§ **DATASET EXCERPT**
######

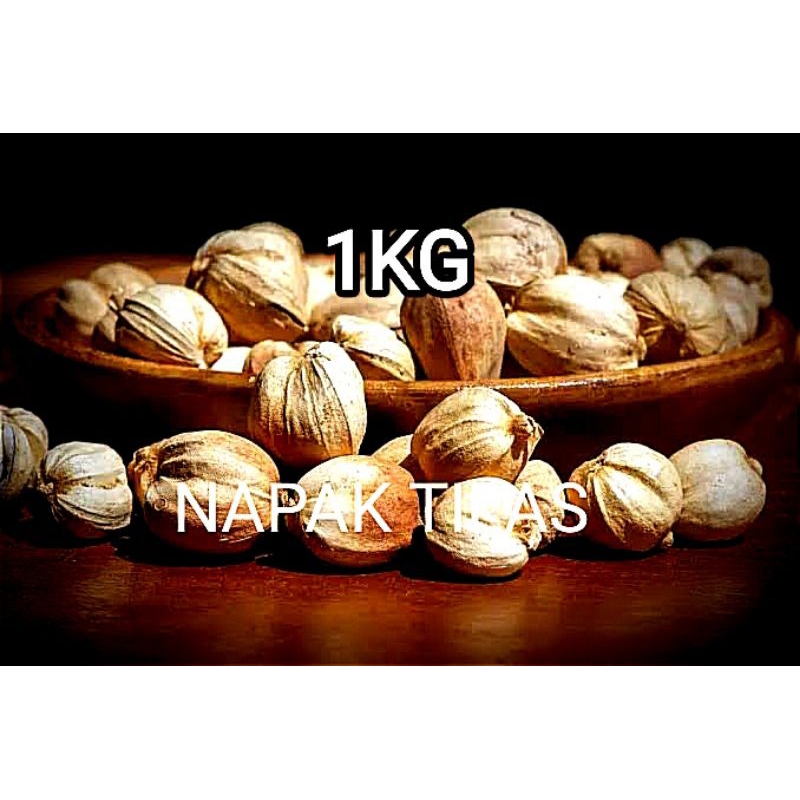 

KAPULAGA SUPER ORIGINAL KEMASAN 1KG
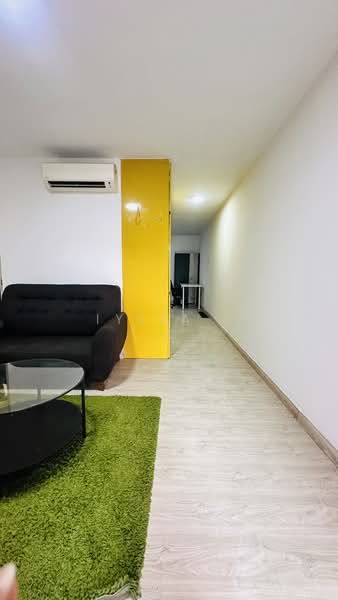 Kondominium untuk Disewa di Halo Sunday @ Empire City - Iylia . - Living Room - PropertyGuru.com.my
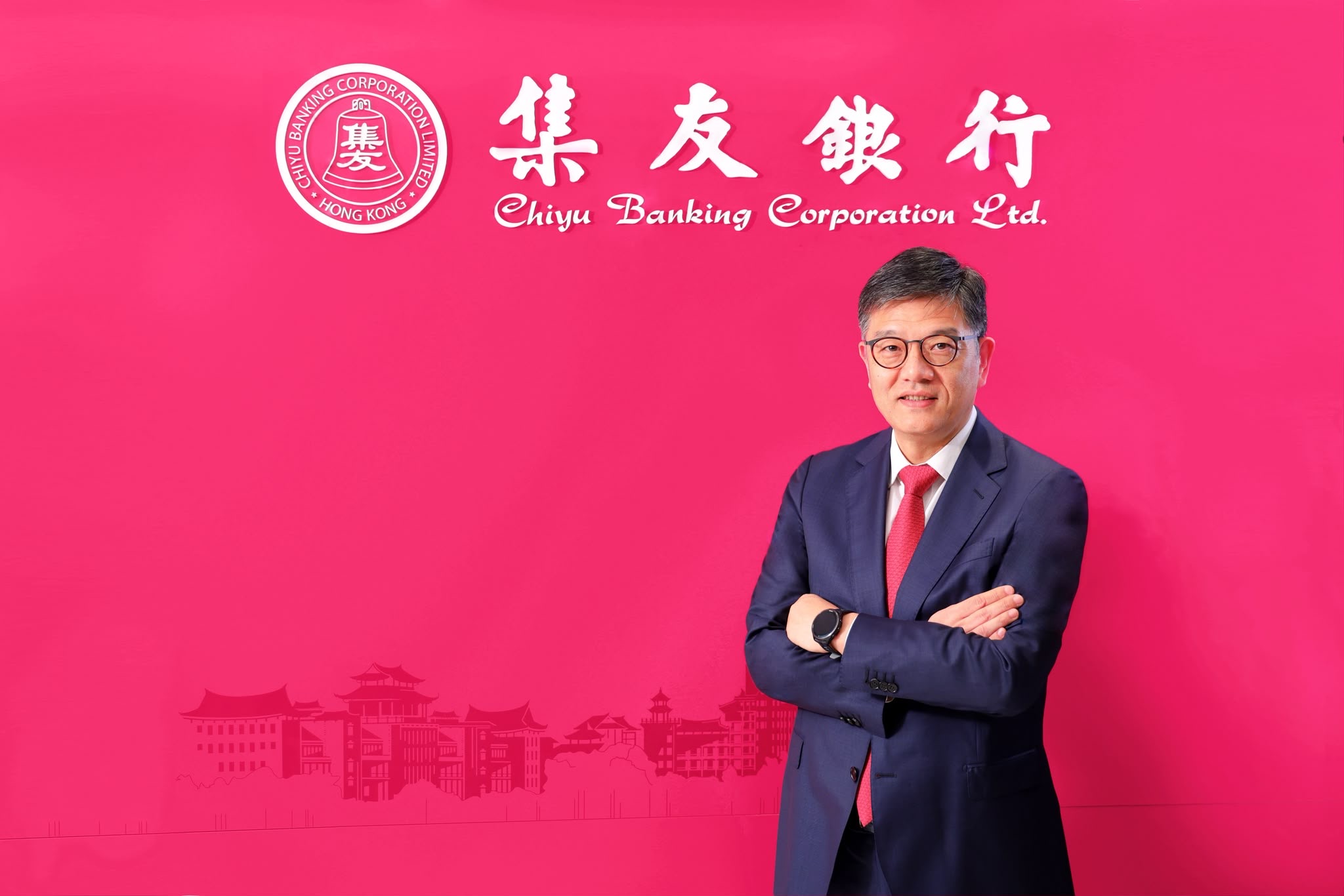 徐俊談香港施政報告與五年規劃：銀行業既要當「發動機」也要做「潤滑劑」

######

§ **TASK**
In repeating the lines above, keep the wording exact and leave every picture out.

§ **OUTPUT FOR THIS TASK**
KAPULAGA SUPER ORIGINAL KEMASAN 1KG
 Kondominium untuk Disewa di Halo Sunday @ Empire City - Iylia . - Living Room - PropertyGuru.com.my
 徐俊談香港施政報告與五年規劃：銀行業既要當「發動機」也要做「潤滑劑」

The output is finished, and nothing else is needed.